Edifice.Probabilistic.Bayesian (Edifice v0.2.0)

Bayesian Neural Network layers with weight uncertainty.

Instead of point-estimate weights, each weight is a probability distribution parameterized by (mu, rho) where the actual weight is sampled as:

W = mu + softplus(rho) * epsilon,  epsilon ~ N(0, 1)

This provides:

Uncertainty estimation - Variance in predictions indicates confidence
Regularization - KL divergence from prior acts as a learned regularizer
Robustness - Multiple weight samples reduce overconfidence

Training with ELBO

The network is trained by maximizing the Evidence Lower BOund:

ELBO = E_q[log p(D|W)] - beta * KL(q(W) || p(W))

where:

q(W) = N(mu, softplus(rho)^2) is the learned weight posterior
p(W) = N(0, 1) is the prior (standard normal)
beta controls the regularization strength (typically 1/num_batches)

Architecture

Input [batch, input_size]
      |
      v
+-------------------------------+
| Bayesian Dense (sample W)    |
| W = mu + softplus(rho) * eps |
+-------------------------------+
      |
      v
+-------------------------------+
| Activation (ReLU)            |
+-------------------------------+
      |   (repeat for each layer)
      v
Output [batch, output_size]

Usage

# Build a Bayesian neural network
model = Bayesian.build(
  input_size: 256,
  hidden_sizes: [128, 64],
  output_size: 10
)

# Training: use ELBO loss
loss = Bayesian.elbo_loss(predictions, targets, kl_cost, beta: 1/num_batches)

References

Blundell et al., "Weight Uncertainty in Neural Networks" (2015)
https://arxiv.org/abs/1505.05424

Summary

Functions

bayesian_dense(input, units, opts \\ [])

Build a Bayesian dense layer using the reparameterization trick.

build(opts \\ [])

Build a Bayesian Neural Network.

elbo_loss(predictions, targets, kl_divergence, opts \\ [])

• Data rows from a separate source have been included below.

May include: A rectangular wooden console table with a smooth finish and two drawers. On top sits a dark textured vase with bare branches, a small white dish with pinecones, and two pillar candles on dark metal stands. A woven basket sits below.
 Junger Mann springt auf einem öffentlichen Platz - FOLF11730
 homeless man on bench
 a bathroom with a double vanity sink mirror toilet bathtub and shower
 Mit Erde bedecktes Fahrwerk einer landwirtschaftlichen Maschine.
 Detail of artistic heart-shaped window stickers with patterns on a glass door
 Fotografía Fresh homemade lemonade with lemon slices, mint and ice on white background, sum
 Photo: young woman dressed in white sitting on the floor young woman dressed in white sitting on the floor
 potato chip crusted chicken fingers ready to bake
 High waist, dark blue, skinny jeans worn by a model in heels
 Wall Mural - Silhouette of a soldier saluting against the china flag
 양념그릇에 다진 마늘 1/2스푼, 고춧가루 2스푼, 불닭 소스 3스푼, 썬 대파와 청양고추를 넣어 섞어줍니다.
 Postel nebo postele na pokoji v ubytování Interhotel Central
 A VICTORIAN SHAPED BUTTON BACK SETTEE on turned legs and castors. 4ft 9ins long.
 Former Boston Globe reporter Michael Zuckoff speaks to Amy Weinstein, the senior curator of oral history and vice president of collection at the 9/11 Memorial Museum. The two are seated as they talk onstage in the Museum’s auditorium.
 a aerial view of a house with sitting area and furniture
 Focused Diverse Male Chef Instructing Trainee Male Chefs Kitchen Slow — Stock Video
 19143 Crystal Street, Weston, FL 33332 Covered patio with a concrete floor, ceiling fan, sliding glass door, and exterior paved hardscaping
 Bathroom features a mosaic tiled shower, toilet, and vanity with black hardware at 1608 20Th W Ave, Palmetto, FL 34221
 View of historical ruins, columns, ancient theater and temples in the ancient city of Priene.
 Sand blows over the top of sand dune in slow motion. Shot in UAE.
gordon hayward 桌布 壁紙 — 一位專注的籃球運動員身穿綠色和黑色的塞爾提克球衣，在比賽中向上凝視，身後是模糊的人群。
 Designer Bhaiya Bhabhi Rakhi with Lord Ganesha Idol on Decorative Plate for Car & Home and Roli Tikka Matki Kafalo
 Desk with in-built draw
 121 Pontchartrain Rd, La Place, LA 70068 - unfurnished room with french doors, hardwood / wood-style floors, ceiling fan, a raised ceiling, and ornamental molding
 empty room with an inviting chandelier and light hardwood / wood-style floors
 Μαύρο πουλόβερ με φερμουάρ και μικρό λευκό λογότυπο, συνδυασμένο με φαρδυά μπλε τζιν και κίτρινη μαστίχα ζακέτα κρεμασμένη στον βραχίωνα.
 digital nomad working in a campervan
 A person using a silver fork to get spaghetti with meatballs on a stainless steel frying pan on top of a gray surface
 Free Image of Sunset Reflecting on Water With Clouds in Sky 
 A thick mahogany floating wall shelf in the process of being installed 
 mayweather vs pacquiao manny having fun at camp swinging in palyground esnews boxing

Compute the Evidence Lower BOund (ELBO) loss.

kl_cost(mu, rho, opts \\ [])

Compute KL divergence between weight posterior q(W) and prior p(W).

Types

build_opt()

@type build_opt() ::
  {:activation, atom()}
  | {:hidden_sizes, [pos_integer()]}
  | {:input_size, pos_integer()}
  | {:output_size, pos_integer()}

Options for build/1.

Functions

bayesian_dense(input, units, opts \\ [])

@spec bayesian_dense(Axon.t(), pos_integer(), keyword()) :: Axon.t()

Build a Bayesian dense layer using the reparameterization trick.

Instead of learning fixed weights W, learns mu and rho parameters where sigma = softplus(rho) = log(1 + exp(rho)).

During the forward pass:

Sample epsilon ~ N(0, 1)
Compute W = mu + sigma * epsilon
Output = input * W + bias

Parameters

input - Axon node
units - Number of output units

Options

:name - Layer name prefix (default: "bayesian_dense")

Returns

An Axon node with shape [batch, units]

build(opts \\ [])

@spec build([build_opt()]) :: Axon.t()

Build a Bayesian Neural Network.

Each dense layer uses weight distributions instead of point estimates. During the forward pass, weights are sampled from the learned posterior.

Options

:input_size - Input feature dimension (required)
:hidden_sizes - List of hidden layer sizes (default: [256, 128])
:output_size - Output dimension (required)
:activation - Activation function (default: :relu)
:prior_sigma - Standard deviation of the weight prior (default: 1.0)

Returns

An Axon model: [batch, input_size] -> [batch, output_size]

Note

The model uses the reparameterization trick internally. During training, different samples produce different outputs (stochastic). For deterministic inference, use the mean weights (mu) directly by setting epsilon to zero in the params.

elbo_loss(predictions, targets, kl_divergence, opts \\ [])

@spec elbo_loss(Nx.Tensor.t(), Nx.Tensor.t(), Nx.Tensor.t(), keyword()) ::
  Nx.Tensor.t()

Compute the Evidence Lower BOund (ELBO) loss.

ELBO = reconstruction_loss + beta * KL_divergence

The reconstruction loss measures how well the model fits the data, while KL divergence regularizes the weight posterior toward the prior.

Parameters

predictions - Model predictions [batch, output_size]
targets - Ground truth targets [batch, output_size]
kl_divergence - KL cost from kl_cost/3

Options

:beta - KL weight, typically 1 / num_batches (default: 1.0)
:loss_fn - Reconstruction loss: :mse or :cross_entropy (default: :mse)

Returns

Scalar ELBO loss (to be minimized)

kl_cost(mu, rho, opts \\ [])

@spec kl_cost(Nx.Tensor.t(), Nx.Tensor.t(), keyword()) :: Nx.Tensor.t()

Compute KL divergence between weight posterior q(W) and prior p(W).

For Gaussian posterior N(mu, sigma^2) and Gaussian prior N(0, prior_sigma^2):

KL = sum(log(prior_sigma/sigma) + (sigma^2 + mu^2)/(2*prior_sigma^2) - 0.5)

Parameters

mu - Weight means [...]
rho - Weight log-variance parameters [...]

Options

:prior_sigma - Standard deviation of the prior (default: 1.0)

Returns

Scalar KL divergence cost